Nevertheless, there is reason to think that human rights concerns can become more helpfully integrated with medical practice. Rubenstein suggests that more specific guidelines that build on existing human rights standards can both improve health practices and create greater awareness of human rights among health professionals. And Neshad Asllani's story of his treatment of Albanians who suffered under Serbian authorities illustrates how many practical dilemmas faced by physicians lead them to learn more about human rights - and even transform them into human rights activists.

Two other essays suggest that statistical indicators can be used to identify how laws and policies are undermining health protection and to empower local groups to press for their reform. Ramona Ortega describes how one group in New York City has used survey data to demonstrate that welfare reform has led to widespread discrimination in allocating health benefits and contributed to health problems of already vulnerable populations. Sarah Zaidi discusses how her organization set out to demonstrate the relevance of human rights to the medical conditions of the people living in the Ecuadorian Amazon by exposing a connection between these conditions and environmental contamination related to oil development. Both of these stories also suggest how attention to international human rights standards can motivate grassroots organizations to carry out creative statistical studies and demand relevant public information to improve the accountability of public institutions and other powerful actors.

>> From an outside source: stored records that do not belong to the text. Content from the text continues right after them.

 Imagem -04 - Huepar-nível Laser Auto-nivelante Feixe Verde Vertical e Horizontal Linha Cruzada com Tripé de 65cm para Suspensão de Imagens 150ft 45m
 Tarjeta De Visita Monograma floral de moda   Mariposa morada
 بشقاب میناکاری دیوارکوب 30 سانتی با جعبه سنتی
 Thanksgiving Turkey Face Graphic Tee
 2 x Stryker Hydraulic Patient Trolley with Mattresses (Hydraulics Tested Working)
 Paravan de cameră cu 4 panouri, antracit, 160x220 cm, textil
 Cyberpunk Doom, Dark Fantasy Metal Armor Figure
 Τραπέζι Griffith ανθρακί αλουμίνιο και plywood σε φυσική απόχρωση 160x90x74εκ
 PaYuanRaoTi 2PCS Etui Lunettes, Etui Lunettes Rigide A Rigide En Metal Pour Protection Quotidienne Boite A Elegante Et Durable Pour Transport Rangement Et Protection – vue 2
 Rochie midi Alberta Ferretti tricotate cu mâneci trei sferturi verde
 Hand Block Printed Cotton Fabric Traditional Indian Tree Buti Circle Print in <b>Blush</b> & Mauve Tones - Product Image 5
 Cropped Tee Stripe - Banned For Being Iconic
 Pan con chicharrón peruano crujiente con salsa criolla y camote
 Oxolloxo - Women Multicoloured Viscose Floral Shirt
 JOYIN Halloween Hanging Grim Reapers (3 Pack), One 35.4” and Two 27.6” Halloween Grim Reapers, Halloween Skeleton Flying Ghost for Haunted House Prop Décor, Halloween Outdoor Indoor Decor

Several of these essays indicate the power of human rights norms in people's struggles for improvement in health. First, lack of access to health care is often the result of private conduct that, while prohibited by law, is encouraged or barely deterred by government officials. Timothy Frasca relates how a basic familiarity with human rights can lead people to demand accountability from individual staff members and institutions that deny them the care to which they are legally entitled. Second, social and economic arrangements often avoidably engender obstacles to health care access, sometimes through their contributions to extreme poverty. Richard A. Murphy discusses how local activism in rural North Carolina forced the government to remedy basic social deficits that impinged upon the health of community members. Finally, the difficulty of gaining access to expensive pharmaceuticals remains one of the greatest obstacles to health in the developing world - particularly for those infected with HIV/AIDS. Nathan Geffen's contribution suggests how human fights activists in South Africa have overcome institutional barriers in the form of patent protection by making the government aware of the nature of the epidemic and the need for access to medicine.

The essays in this issue of Human Rights Dialogue add unique, local perspectives to the growing international movement to set the analysis of health concerns in a human rights framework. If the 880 million people worldwide who cannot access basic health care services, the countless poor who need adequate water and sanitation, and the millions in developing nations who are infected with HIV/AIDS are to improve their own health conditions, human rights tools may hold significant promise in helping them do so.